EXERCISE:
An exact, complete copy of the entries is what is needed.

ENTRIES SUPPLIED:

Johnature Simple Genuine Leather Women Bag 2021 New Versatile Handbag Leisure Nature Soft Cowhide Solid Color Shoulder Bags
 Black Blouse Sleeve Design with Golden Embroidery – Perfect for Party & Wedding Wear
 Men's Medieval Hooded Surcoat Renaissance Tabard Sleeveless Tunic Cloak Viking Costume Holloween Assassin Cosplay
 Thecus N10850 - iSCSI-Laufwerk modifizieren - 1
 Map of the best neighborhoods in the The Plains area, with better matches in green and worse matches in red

EXERCISE RESPONSE:
Johnature Simple Genuine Leather Women Bag 2021 New Versatile Handbag Leisure Nature Soft Cowhide Solid Color Shoulder Bags
 Black Blouse Sleeve Design with Golden Embroidery – Perfect for Party & Wedding Wear
 Men's Medieval Hooded Surcoat Renaissance Tabard Sleeveless Tunic Cloak Viking Costume Holloween Assassin Cosplay
 Thecus N10850 - iSCSI-Laufwerk modifizieren - 1
 Map of the best neighborhoods in the The Plains area, with better matches in green and worse matches in red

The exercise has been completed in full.